Today is one of those days when I want to crawl in a hole and not come out. One of those I can’t see the light at the end of the tunnel days. One of those I’m a failure days. I had an appointment with my reproductive endocrinologist. Each time I meet with him I’m so optimist that something is going to change from the time I last saw him to my current appointment. But in reality, each time I see him the hope fades a little more. My body has been through hell and back and we don’t know how the damage is going to affect our future. Being on Lupron for 2 years on and off, putting my body through hell with all types of medicines and gaining an insane (amount for me) amount of weight (40 pounds) has been difficult. Throw in the mix of emotions and you’ve got a recipe for disaster.

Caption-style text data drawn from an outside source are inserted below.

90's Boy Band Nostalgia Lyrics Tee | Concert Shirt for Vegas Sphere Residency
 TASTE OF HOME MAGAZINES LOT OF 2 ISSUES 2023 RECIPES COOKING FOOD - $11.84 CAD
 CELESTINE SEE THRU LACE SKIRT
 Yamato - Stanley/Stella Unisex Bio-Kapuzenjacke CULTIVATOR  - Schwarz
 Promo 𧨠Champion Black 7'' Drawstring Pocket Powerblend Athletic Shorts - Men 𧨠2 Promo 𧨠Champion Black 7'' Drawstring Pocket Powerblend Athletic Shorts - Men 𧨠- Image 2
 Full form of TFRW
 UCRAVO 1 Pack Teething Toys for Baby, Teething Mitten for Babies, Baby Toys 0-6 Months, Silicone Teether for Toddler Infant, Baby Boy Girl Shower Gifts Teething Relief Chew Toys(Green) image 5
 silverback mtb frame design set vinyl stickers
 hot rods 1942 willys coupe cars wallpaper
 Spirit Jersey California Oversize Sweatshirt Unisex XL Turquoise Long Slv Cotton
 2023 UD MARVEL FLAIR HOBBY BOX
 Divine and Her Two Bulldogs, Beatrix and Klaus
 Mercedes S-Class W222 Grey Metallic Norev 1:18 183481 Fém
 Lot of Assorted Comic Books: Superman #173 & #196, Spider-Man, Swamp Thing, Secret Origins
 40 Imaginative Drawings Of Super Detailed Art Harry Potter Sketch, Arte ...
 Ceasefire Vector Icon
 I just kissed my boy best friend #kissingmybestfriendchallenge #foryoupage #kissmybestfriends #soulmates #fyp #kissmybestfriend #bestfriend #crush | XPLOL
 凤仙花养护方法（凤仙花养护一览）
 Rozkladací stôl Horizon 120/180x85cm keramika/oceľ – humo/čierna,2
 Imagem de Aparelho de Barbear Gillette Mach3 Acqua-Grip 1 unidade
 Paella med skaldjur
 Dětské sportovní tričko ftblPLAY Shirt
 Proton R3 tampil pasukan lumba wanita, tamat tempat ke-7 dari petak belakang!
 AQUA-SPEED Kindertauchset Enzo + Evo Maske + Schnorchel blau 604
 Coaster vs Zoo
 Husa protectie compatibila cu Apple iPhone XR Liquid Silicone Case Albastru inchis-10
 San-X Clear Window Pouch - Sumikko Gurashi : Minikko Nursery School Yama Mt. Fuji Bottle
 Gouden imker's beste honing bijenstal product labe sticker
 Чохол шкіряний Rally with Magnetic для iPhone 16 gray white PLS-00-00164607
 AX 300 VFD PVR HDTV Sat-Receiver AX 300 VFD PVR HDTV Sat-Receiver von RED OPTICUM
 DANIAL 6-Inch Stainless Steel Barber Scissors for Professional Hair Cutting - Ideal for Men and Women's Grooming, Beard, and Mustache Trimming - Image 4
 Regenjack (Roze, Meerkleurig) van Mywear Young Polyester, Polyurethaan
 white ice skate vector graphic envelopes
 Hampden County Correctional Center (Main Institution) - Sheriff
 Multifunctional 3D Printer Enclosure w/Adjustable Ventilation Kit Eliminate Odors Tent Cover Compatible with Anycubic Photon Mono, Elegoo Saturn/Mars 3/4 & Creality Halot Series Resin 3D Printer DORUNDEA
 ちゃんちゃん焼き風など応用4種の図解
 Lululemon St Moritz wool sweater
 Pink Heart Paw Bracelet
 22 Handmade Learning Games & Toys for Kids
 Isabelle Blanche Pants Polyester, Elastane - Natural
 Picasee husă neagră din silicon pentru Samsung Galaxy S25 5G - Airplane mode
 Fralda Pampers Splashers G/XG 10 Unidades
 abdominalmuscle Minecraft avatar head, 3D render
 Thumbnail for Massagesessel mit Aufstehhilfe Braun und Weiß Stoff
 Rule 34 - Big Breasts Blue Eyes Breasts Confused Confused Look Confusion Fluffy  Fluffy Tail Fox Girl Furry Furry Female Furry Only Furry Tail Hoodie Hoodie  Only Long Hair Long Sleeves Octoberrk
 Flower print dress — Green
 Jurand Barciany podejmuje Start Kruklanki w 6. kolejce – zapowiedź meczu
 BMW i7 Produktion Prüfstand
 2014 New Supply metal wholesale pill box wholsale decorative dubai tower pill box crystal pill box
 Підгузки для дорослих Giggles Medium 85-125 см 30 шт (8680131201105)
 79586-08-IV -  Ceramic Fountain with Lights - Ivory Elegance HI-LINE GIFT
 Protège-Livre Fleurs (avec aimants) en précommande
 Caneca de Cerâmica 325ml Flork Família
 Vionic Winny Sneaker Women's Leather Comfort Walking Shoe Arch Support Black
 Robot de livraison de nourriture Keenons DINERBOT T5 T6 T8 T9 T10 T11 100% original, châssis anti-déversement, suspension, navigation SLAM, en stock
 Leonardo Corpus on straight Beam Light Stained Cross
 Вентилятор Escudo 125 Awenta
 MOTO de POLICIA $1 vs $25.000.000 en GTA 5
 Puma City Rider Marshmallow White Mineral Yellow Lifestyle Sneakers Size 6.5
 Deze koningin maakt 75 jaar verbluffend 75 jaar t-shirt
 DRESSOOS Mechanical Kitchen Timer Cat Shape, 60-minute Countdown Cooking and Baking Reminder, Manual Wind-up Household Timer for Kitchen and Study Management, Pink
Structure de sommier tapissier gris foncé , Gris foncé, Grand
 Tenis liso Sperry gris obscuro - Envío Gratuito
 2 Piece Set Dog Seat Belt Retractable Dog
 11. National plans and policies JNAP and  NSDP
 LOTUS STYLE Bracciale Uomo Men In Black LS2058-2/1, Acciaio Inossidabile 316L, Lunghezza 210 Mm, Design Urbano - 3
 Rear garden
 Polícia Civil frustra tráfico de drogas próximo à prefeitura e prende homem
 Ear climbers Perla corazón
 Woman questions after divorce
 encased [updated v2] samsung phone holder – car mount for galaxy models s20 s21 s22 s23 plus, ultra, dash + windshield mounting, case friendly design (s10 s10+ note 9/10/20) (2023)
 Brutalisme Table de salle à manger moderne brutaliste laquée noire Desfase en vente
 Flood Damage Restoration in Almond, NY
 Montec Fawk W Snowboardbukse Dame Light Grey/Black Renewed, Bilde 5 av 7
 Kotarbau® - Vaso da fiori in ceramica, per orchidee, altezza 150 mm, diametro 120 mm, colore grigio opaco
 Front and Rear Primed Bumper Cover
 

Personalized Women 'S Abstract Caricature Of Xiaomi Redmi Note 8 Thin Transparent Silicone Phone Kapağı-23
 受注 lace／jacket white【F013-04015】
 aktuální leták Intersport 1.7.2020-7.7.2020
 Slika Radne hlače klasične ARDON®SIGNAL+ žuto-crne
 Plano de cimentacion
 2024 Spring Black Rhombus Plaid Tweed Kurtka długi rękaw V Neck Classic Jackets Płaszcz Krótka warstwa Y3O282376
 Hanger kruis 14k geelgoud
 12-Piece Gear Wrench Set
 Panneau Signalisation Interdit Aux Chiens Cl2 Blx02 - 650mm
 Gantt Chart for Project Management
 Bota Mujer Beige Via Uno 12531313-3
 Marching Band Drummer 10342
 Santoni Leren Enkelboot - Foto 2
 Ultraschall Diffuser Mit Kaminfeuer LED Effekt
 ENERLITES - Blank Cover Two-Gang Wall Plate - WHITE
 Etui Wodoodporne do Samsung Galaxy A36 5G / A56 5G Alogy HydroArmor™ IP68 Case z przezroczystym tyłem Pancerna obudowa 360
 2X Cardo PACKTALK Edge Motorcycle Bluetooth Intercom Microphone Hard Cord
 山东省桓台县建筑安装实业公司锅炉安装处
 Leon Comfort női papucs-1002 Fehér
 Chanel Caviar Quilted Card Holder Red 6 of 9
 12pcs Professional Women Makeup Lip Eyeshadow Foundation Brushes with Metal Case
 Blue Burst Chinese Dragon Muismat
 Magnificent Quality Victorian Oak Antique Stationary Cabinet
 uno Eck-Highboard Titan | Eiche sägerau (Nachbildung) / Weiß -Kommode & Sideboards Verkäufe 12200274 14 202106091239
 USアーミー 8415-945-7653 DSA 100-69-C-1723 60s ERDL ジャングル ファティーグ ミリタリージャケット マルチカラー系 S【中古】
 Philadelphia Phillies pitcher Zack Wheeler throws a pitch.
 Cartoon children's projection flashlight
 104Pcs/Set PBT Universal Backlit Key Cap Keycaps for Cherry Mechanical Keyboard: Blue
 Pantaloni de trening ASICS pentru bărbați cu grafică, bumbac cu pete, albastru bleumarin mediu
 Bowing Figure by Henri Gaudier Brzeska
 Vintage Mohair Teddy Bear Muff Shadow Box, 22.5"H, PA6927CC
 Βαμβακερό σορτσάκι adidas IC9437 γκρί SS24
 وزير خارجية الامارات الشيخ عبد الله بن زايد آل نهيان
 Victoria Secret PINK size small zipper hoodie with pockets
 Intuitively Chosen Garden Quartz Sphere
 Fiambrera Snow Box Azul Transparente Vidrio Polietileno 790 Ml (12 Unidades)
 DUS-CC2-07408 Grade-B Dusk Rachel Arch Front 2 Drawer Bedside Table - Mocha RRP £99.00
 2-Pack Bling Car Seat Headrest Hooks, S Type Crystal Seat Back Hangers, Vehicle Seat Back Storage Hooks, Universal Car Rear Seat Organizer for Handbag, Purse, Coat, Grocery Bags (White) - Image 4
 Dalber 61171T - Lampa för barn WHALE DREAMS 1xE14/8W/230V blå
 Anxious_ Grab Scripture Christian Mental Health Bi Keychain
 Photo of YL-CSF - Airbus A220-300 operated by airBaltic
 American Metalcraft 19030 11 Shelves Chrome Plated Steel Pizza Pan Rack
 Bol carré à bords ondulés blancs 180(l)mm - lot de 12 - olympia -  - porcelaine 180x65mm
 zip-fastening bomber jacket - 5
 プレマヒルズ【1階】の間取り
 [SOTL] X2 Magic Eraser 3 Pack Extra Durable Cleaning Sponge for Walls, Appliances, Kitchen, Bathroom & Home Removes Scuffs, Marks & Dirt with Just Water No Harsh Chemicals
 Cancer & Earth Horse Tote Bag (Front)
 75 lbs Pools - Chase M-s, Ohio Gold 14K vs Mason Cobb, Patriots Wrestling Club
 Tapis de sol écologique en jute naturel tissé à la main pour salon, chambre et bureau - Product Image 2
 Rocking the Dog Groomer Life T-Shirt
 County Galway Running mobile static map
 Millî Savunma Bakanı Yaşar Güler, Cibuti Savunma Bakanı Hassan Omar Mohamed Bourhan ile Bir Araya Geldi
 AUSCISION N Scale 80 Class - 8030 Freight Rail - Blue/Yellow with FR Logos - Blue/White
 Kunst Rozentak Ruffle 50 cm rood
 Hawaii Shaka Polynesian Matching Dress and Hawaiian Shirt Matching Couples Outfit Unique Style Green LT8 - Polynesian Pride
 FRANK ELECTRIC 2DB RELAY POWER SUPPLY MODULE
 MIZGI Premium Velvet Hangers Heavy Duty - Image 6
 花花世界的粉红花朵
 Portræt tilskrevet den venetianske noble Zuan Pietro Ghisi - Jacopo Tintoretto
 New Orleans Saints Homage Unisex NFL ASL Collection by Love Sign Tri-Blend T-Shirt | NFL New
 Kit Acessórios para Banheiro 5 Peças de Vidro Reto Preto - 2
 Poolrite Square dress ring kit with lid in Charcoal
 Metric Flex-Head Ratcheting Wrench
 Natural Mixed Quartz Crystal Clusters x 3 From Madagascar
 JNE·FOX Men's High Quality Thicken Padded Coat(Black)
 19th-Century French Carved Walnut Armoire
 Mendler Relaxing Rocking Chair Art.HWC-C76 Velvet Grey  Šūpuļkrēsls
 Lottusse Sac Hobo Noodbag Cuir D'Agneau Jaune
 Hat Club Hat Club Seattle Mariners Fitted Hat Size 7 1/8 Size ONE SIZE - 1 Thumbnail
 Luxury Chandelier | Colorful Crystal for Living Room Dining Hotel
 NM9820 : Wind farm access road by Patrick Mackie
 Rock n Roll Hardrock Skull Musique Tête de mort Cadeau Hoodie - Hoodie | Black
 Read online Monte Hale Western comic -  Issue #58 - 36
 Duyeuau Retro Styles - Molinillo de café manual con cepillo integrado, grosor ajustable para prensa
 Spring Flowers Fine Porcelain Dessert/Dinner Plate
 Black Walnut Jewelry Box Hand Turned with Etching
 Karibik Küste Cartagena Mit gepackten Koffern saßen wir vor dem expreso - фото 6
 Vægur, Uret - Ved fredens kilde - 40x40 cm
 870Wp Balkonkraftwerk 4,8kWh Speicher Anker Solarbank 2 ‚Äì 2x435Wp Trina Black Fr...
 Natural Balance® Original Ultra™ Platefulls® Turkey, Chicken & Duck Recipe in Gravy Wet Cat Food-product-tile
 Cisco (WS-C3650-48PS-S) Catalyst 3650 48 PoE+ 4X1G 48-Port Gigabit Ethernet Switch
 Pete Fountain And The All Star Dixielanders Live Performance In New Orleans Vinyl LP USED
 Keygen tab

Earlier this week I asked Russell to stay home while I went to my appointment because sometimes I need the time to process things on the way there and home. Today was a day I’m thankful I went alone. It was hard. Going through infertility is so incredibly frustrating. To this day I still wonder why this is happening to me and what I did in order for this to be happening. I know I say that over and over and over again but it’s the truth. If you’re reading this and you have children, hold them close, kiss their faces, and thank God every day for them. So many women would give anything for those moments and the satisfying feeling that comes with motherhood. I also want to touch on one other thing: the holidays. I love the snow, smells, baked goods, and anything Christmas. Let’s be real our house is already being decorated with decor! I only have a few things left to get, aside from the tree. The holidays are very difficult for women with infertility. We go into stores just looking for items and then we see items in the children’s aisle. Santa hats that say “My 1st Christmas” or the onesie that says “Best Present Ever”. These items are soul-crushing to see because these are items we want to buy, but we can’t. We try to distract ourselves by keeping busy but its tough. Then the Christmas cards come in the mail. You see your friends with their families and children looking cute as ever in their matching outfits. And you stare at that photo because you long for moments like those. This is the part of the journey that is most challenging. The purpose of my blog is to share with you the good, the bad, the ugly, the not so bad parts of infertility. Today happened to be one of the bad days. I’ll sit in my sadness wondering where this all came from. Wondering if there could have been something I could have done earlier in life to prevent these days from happening. Then I wonder what my purpose for having this disease is because I know there is one, I just can’t pinpoint it. I know the lesson I’m learning will make sense eventually I just wish there was a specific date so I could have some closure. Unfortunately, there is no end in sight and the light at the end of the tunnel seems to be getting further and further away from us.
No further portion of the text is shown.